Increased rates of lymphoma have been reported in a number of studies of patients with psoriasis, and the risk of lymphoma with biological agents, in general, has been a topic of debate. Biologic agents have a role in the treatment of diseases like rheumatoid arthritis and psoriasis, and they have been demonstrated to be relatively safe; however they work by suppressing the immune system, so there is concern that this could raise the risk for certain cancers.

There may be an increase in the risk of cancers such as lymphoma in people with psoriasis, but there are a number of challenges in studying this kind of link.

  • First of all, even though lymphoma is of great public health importance, statistically it is relatively rare compared to psoriasis, which as made it difficult to get high enough numbers to analyze.
  • Second, having psoriasis is statistically associated with a number of factors -- like smoking, obesity, ultraviolet therapy and drugs that suppress the immune system – and these factors may increase the risk of lymphoma and other cancers, independent of the psoriasis, itself.

The JAMA Oncology Study

Recently, researchers analyzed records from 198,366 patients with psoriasis and 937,716 without psoriasis using a database in the United Kingdom.
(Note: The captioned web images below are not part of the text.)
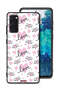 Samsung Galaxy S20 FE Protective Case Cover Love And Heart Art Pattern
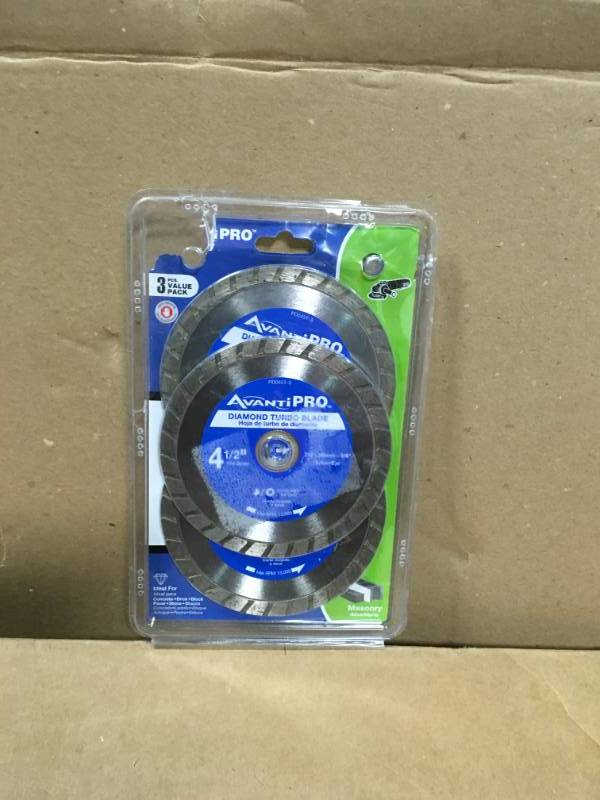 Avanti Pro 4.5 in. Turbo Diamond Blade (3-Pack) in very good conditition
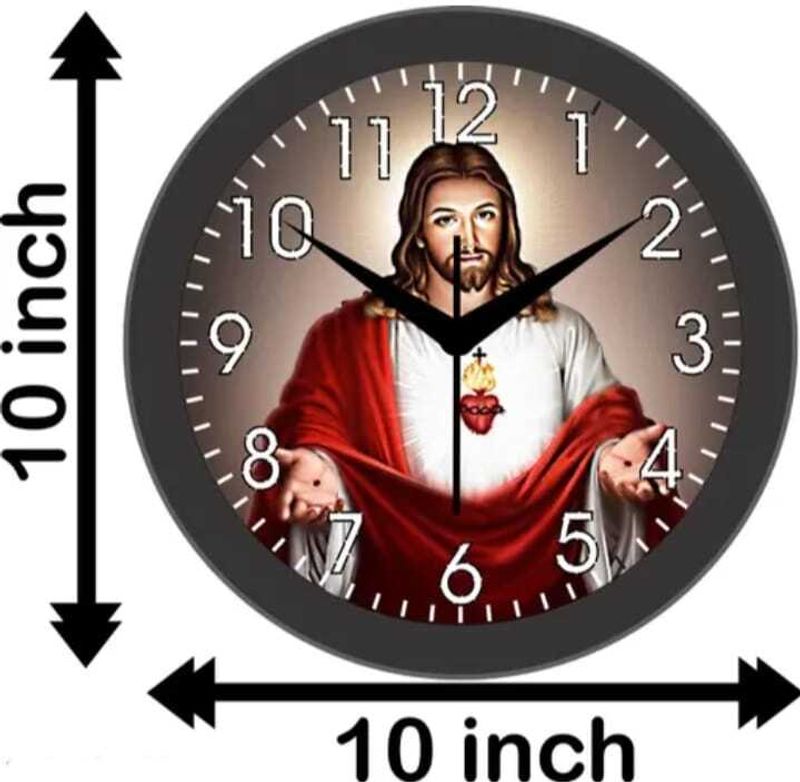 Poojagiftzone analog wall clock - M Y V E L O R A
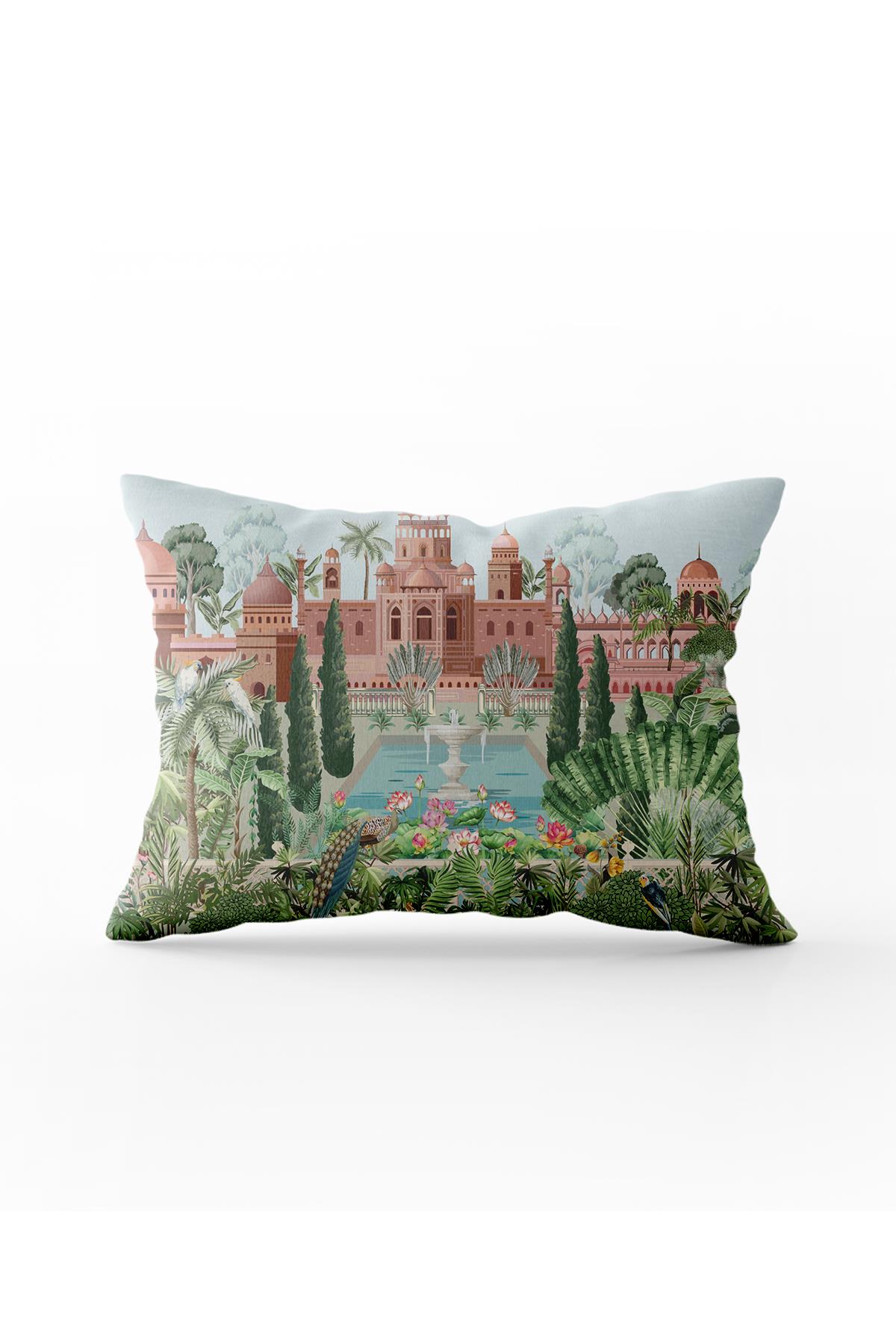 Evdek Çift Taraflı Dikdörtgen Kırlent Kılıfı TK45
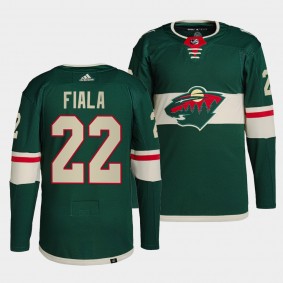 Kevin Fiala #22 Wild Home Green Jersey 2021-22 Primegreen Authentic Pro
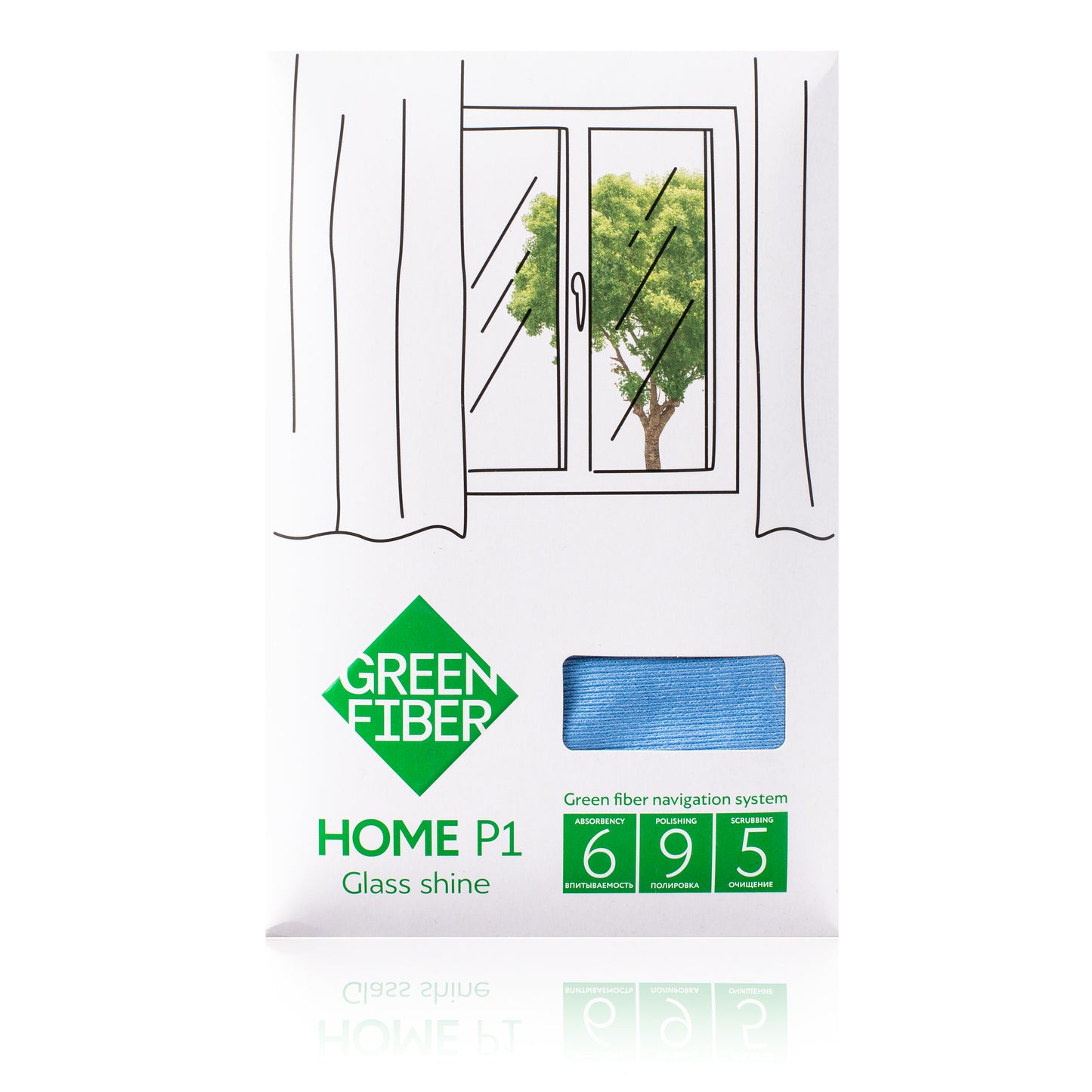 Green Fiber HOME P1 Fibra para cristal color azul cielo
Results showed that there was a small but "statistically real" increased risk for non-melanoma skin cancer, lymphoma and lung cancer in people who had psoriasis.

These researchers found that cancer risk was slightly higher for patients who were classified as having moderate-to-severe psoriasis as opposed to mild disease. There was no significant association between psoriasis and cancer of the breast, colon, prostate, or leukemia, however.
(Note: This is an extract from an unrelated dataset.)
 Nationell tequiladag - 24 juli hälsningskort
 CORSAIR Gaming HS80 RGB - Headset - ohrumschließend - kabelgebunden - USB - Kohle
Journal of the American Academy of Dermatology Study

Even more recently, doctors from the Center for Dermatology Research at Wake Forest School of Medicine in Winston-Salem, North Carolina, conducted a related study. They noted that psoriasis is associated with many, many other varied health conditions, or comorbidities.

They also felt the measurement of risk from psoriasis—often reported to doctors and patients as the relative risk—might not be the best measurement. While relative risk can be useful, the authors felt that thinking about risks in relative terms, rather than absolute terms, would tend to lead people to overestimate the effect of psoriasis.
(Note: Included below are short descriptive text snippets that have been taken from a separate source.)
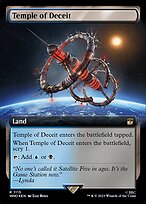 Temple of Deceit (WHO-1115) - rare: (Extended Art) - Foil
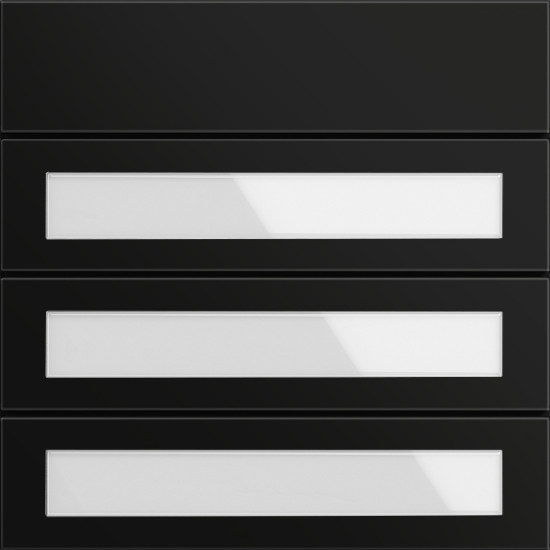 Gira 5533925 Ruftastenmodul 3-fach System 106 Schwarz m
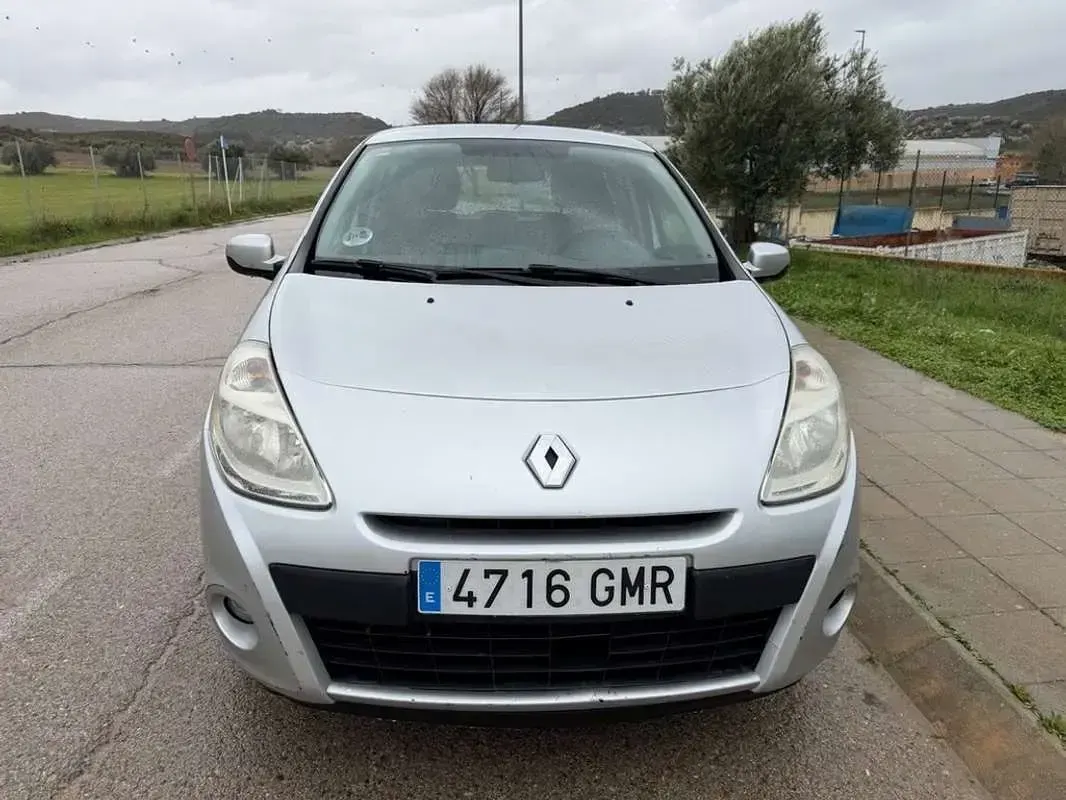 Usado Renault Clio Expression 75 CV (55 kW) 2009 Gris Utilitario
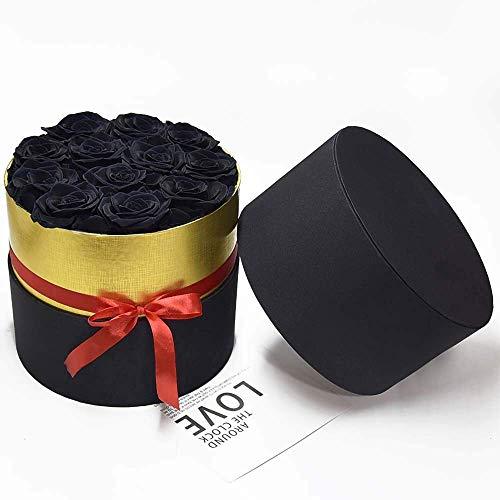 Real Roses Premium Flowers Preserved Fresh Cut Rose in a Gift Box Last a Year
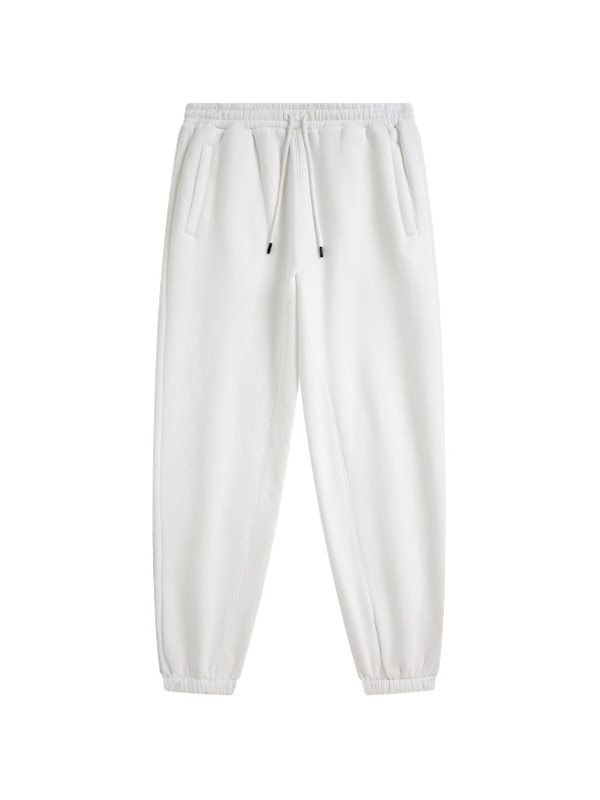 Men's Solid Color Bound Feet Sweatpants-1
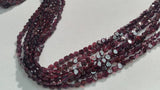 Garnet Coin Beads 6mm , AAA Quality beads in 16" Length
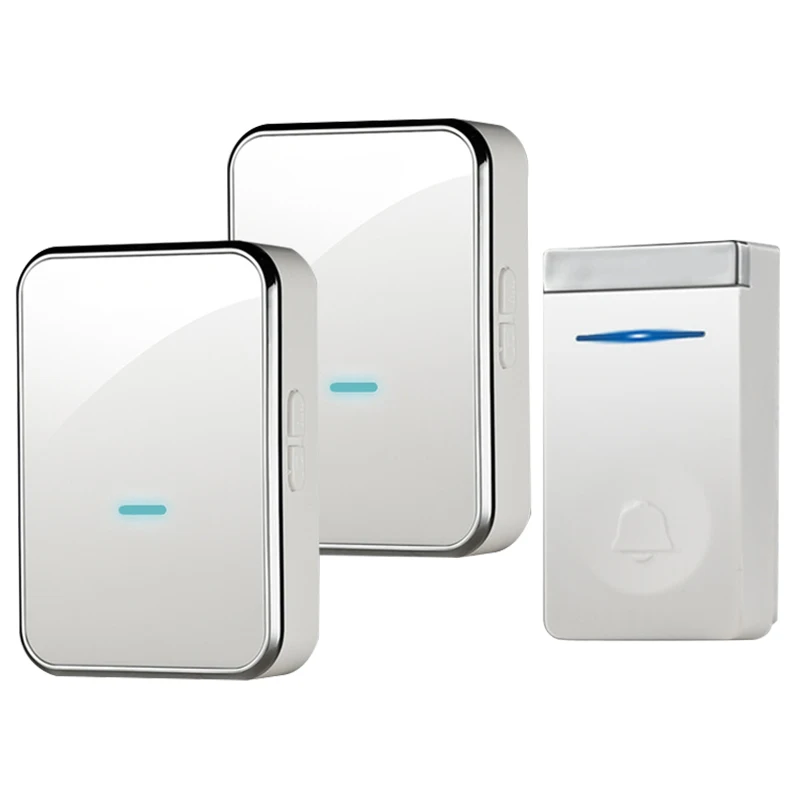 

Wireless Doorbell Self-Powered No Battery Waterproof 150M Range Door Bell Push Button Door Chime For Old People(Us Plug)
Thus, the research group set out to calculate the absolute risk attributable to psoriasis for the various diseases. The conditions linked to psoriasis most strongly (with the highest relative risk) were nonmelanoma skin cancer, melanoma, and lymphoma.

Their calculations:

Disease            Relative Risk     Psoriasis-Risk       Number of Patients

Skin cancer         7.5                         0.64                         1,551

Melanoma           6.12                       0.05                         29,135                              

Lymphoma          3.61                       0.17                         5,823

Interpretation of the above calculations:

In order to attribute 1 case of lymphoma to psoriasis, a doctor would have to see 5,823 patients with psoriasis.


Saleem M, Kesty C, Feldman S. Relative versus absolute risk of comorbidities in patients with psoriasis. J Am Acad Dermatol. 2016 Dec 13. pii: S0190-9622.

Fuxench ZC, Shin DB, Beatty AO, Gelfand JM. The risk of cancer in patients with psoriasis: a population-based cohort study in the Health Improvement Network [published online ahead of print December 16, 2015]. JAMA Oncol.

Boehncke WH, Boehncke S. More than skin-deep: the many dimensions of the psoriatic disease. Swiss Med Wkly. 2014;144:w13968.